The 92-year-old chairman and CEO of Berkshire Hathaway is slated to release his annual shareholder letter Saturday morning, along with the conglomerate’s latest quarterly earnings. The letter from the “Oracle of Omaha” has been required reading for investors for decades, and this year’s message is particularly anticipated given the changing investing landscape.
Notably, there’s been a sea change in Treasury yields, which have surged to the highest level since the Global Financial Crisis amid the Federal Reserve’s aggressive rate hikes. Six-month and one-year yields have both surpassed 5% for the first time since 2007, while the benchmark 10-year Treasury yield sits just below 4%. After more than a decade of near zero interest rates, the sharp rise in yields could dent the appeal for equities and hurt asset prices, Buffett said previously.
“Interest rates are to asset prices, you know, sort of like gravity is to the apple,” Buffett famously said at Berkshire’s annual meeting in 2013. He believed that when interest rates are high, it could be a major “gravitational pull” on values.
“We have a roughly 15-year period of abnormally and historically low interest rates. The short term rates we have now are more normal,” said David Kass, a finance professor at the University of Maryland’s Robert H. Smith School of Business. “Interest rates are the main determinant of equity prices, to quote Buffett, so I think I’m looking for and expecting a discussion on interest rates.”
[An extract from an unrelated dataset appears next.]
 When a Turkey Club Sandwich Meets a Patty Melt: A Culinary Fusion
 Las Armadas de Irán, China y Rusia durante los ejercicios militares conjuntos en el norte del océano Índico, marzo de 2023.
Perhaps that explained why Berkshire was likely a net seller of stocks in the fourth quarter. The conglomerate dumped a significant portion of Taiwan Semiconductor, a chip stock it had just bought in the third quarter. Berkshire also slashed its shares in Bank of New York Mellon and US Bancorp last quarter.
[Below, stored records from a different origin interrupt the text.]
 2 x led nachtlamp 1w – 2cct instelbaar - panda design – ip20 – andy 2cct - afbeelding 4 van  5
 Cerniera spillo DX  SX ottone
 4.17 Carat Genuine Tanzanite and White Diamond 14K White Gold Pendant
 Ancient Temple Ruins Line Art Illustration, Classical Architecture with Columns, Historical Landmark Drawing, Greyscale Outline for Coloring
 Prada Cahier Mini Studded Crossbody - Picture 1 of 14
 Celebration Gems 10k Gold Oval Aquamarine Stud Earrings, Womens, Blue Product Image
Meanwhile, thanks to rising rates, Berkshire’s mountain of cash — nearly $109 billion at the end of September — has contributed meaningful earnings to the conglomerate, which held $77.9 billion in U.S. Treasury bills.
“One comment Buffett may make in his letter is that it’s not so painful to be sitting in cash. There is an alternative now and it’s called Treasury bills, or short term Treasuries,” Kass said.
The rising-rate environment could also benefit Buffett’s famous deal-making. Not only due to falling asset prices, but because he also has ample liquidity to tap into, whereas his competitors such as private equity firms have to borrow to make deals.
“Private equity and others who are thinking of making acquisitions would have to go into the market to borrow [at] higher interest rates. This would confer a competitive advantage back to Berkshire,” Kass said.
Berkshire bought insurance company Alleghany for $11.6 billion in cash last year, its biggest deal since 2016.
Big energy bets
Buffett continued to boost its position in Occidental Petroleum over the past year, with Berkshire’s stake in the oil giant topping 21%. In August, Berkshire received regulatory approval to purchase up to 50%, spurring speculation that it may eventually buy all of Houston-based Occidental.
Many are eager to find out if Buffett has an appetite for still more Occidental shares, given the oil and gas producer’s underperformance in 2023. The stock is down about 6% this year, trading below $60 after more than doubling in 2022.
“He’s been demonstrating a lot of discipline here as it relates to buying OXY shares in the open market,” said James Shanahan, a Berkshire analyst at Edward Jones. “There’s only a couple of occasions that he spends more than $60 a share to acquire Occidental stock.”
Meanwhile, Chevron remained Berkshire’s third largest equity holding at the end of 2022, behind only Apple and Bank of America.
Investors are also interested in any updates on Berkshire’s operating businesses in light of a looming recession.
“As a shareholder, what I’m most excited about is an update on the underlying operating business,” said Bill Stone, CIO at Glenview Trust and a Berkshire shareholder. “We’ve already seen the publicly traded portfolio. I’m frankly more interested in how well the underlying businesses are operating and his view of the strengths and weaknesses.”
Berkshire’s auto insurance company Geico has been under pressure lately with consecutive quarters of underwriting losses.
“What (if any) corrective actions is Berkshire taking to remedy this situation? Many of GEICO’s peers are grappling with the same issues and have raised premium rates to counter the adverse claim trends,” Catherine Seifert, CFRA’s Berkshire analyst, said in a note.
Buffett watchers are also looking for his commentary on buybacks.
Berkshire’s pace of share repurchases slowed last year, having bought a total of $5.25 billion through the end of the third quarter. That was markedly slower than the pace in 2021, when Berkshire bought back a record $27 billion of its own shares as Buffett found fewer outside opportunities in the midst of a sky high bull market.
Buffett himself told shareholders at its annual meeting last year that he prefers buying stakes in other companies rather than repurchasing his own shares.
“If we have the choice of buying businesses that we like, or buying back stock — the controlling factor’s how much money we have — we’d rather buy businesses,” Buffett said in April in Omaha.